Researchers at the University of Pennsylvania School of Medicine have created a new coating for nanoparticles that can help to protect them from attacks by the immune system. The approach, which uses naturally occurring proteins that can inhibit the complement system, can significantly reduce immune destruction of nanoparticles, meaning that more may reach their target tissue. Aside from the potential to increase the effectiveness of nanotherapies, the coating may also be useful for medical devices, such as stents and catheters.
Nanoparticles offer huge potential in delivering drugs or vaccines right to the tissue of interest, maximizing efficacy and reducing the potential for side-effects. They are currently enjoying a little fame for their role in delivering mRNA vaccines against COVID-19. However, such vaccines are delivered directly into a muscle, where they are protected from the worst ravages of the immune system. For systemically administered nanoparticles, the bloodstream can be a pretty hostile environment.
One of the major issues is complement proteins, which can swarm unprotected nanoparticles in the bloodstream, resulting in inflammation, phagocytosis by white blood cells and nanoparticle destruction. For many nanoparticle technologies, the amount that actually reaches the target tissue can be less than 1% of an administered dose, representing very poor efficiency. Moreover, for patients with severe inflammatory disease, these nanoparticle-induced immune reactions could exacerbate their symptoms, limiting the safety of nanotherapies in these patient populations.

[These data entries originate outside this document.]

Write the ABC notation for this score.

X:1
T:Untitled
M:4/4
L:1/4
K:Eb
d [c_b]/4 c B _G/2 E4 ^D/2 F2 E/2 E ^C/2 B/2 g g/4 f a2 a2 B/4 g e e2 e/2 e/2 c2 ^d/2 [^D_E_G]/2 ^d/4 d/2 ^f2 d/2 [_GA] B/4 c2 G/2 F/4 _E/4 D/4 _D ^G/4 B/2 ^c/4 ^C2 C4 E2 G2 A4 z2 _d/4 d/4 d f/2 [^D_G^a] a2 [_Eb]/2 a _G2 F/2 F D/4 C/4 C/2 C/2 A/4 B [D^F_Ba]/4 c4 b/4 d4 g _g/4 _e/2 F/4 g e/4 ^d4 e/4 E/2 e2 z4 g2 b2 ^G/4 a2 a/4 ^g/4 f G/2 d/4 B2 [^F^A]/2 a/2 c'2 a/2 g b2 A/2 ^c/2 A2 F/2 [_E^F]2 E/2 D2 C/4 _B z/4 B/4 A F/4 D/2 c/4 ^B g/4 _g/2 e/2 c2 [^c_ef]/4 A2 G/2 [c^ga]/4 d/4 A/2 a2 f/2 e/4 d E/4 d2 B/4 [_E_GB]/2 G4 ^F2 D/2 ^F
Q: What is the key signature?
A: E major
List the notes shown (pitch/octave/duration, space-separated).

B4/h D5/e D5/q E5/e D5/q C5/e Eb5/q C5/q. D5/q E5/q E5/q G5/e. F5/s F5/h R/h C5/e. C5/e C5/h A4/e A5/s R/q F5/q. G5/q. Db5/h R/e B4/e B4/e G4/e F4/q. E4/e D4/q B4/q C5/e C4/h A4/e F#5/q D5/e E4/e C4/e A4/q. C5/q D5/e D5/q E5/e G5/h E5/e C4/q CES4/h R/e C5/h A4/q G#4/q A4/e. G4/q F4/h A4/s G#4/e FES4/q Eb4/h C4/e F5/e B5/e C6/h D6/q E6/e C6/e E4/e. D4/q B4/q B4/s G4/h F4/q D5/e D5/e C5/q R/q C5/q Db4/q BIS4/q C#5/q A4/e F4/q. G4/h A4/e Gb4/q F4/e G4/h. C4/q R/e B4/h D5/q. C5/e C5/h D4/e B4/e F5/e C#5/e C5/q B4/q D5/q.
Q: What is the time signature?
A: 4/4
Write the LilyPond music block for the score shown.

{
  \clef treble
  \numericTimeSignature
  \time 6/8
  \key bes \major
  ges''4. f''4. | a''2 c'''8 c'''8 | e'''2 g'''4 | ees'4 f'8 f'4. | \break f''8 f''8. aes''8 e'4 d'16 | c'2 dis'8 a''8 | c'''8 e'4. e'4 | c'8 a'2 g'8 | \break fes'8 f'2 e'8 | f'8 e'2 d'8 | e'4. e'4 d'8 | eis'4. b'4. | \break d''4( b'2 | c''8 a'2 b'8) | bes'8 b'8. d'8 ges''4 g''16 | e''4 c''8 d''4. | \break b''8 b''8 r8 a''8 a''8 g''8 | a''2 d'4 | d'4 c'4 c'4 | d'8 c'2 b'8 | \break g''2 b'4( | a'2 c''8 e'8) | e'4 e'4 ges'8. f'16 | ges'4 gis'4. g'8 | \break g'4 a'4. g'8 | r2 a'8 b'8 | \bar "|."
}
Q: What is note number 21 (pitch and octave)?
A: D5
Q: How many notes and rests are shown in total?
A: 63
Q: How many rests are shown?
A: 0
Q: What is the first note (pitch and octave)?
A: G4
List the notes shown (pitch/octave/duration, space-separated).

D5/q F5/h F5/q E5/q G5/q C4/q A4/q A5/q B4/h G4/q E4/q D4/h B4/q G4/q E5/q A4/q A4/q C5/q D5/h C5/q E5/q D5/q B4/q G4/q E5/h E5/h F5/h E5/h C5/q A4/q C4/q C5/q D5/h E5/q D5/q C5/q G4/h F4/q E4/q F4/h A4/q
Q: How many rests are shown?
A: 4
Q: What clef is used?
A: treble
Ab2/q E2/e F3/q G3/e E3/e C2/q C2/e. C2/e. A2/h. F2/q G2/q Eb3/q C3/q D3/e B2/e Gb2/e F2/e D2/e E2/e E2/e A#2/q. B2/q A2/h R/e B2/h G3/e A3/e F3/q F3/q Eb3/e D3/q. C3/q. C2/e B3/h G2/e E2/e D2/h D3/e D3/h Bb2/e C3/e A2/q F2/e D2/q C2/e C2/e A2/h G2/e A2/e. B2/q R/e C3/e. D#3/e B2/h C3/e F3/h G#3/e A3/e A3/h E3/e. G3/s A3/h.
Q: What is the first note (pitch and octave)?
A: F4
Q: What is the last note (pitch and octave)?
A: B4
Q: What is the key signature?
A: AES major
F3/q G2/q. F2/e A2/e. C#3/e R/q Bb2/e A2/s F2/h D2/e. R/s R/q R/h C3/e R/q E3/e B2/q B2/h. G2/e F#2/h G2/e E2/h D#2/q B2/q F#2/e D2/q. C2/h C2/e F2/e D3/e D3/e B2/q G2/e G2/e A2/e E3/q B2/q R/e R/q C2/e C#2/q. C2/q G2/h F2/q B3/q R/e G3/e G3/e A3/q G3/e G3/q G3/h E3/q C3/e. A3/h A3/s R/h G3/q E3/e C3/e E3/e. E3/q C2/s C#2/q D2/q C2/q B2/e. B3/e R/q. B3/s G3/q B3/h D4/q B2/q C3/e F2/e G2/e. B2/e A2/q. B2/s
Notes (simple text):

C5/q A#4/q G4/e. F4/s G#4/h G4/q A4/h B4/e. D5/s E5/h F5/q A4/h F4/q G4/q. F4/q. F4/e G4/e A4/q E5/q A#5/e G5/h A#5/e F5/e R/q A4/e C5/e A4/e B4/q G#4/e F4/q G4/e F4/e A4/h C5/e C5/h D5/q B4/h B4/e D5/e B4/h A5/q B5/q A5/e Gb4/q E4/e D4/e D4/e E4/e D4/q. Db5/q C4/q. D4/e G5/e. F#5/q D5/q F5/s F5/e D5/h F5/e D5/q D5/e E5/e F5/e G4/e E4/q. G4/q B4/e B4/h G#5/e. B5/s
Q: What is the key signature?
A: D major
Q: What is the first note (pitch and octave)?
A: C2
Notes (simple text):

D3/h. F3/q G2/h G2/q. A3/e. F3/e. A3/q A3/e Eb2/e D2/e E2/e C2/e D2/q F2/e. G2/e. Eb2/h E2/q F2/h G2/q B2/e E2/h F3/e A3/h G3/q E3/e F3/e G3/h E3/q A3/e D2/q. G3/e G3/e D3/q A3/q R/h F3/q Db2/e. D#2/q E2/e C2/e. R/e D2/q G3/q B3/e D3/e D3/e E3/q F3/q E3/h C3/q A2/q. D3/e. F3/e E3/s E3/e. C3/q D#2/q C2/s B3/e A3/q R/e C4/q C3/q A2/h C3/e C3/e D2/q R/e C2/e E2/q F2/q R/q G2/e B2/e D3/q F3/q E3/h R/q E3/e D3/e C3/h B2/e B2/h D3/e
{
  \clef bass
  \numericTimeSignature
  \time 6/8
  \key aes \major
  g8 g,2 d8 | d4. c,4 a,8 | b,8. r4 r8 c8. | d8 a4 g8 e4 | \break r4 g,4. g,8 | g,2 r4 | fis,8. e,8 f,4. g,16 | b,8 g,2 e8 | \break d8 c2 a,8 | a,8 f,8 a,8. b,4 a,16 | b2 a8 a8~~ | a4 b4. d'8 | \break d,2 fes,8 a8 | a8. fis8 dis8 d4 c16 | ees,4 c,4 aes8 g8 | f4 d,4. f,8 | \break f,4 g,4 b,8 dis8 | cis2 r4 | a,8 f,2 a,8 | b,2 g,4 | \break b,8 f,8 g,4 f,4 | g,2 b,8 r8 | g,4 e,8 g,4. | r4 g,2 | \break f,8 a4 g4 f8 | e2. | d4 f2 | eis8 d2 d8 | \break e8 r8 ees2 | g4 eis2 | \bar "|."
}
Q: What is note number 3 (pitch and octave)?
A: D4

Researchers have been working to reduce this immune reaction to nanoparticles. One useful nanoparticle coating is polyethylene glycol, which typically reduces the immune attack somewhat, but not completely. Looking to improve on this, the UPenn researchers have developed a new way to coat these particles, using a component of the immune system that antagonizes complement proteins. These naturally occurring anti-complement proteins are used by the body to protect its own cells from immune attack, and when the researchers coated nanoparticles with one of them, called Factor I, it helped to significantly reduce complement protein binding.
So far the research team has shown that the coated nanoparticles last for a significantly longer time in the blood, allowing more of them to reach the target tissue. The particles also did not elicit serious immune reactions in a mouse model of severe inflammatory illness, suggesting they could be suitable for use in such patients.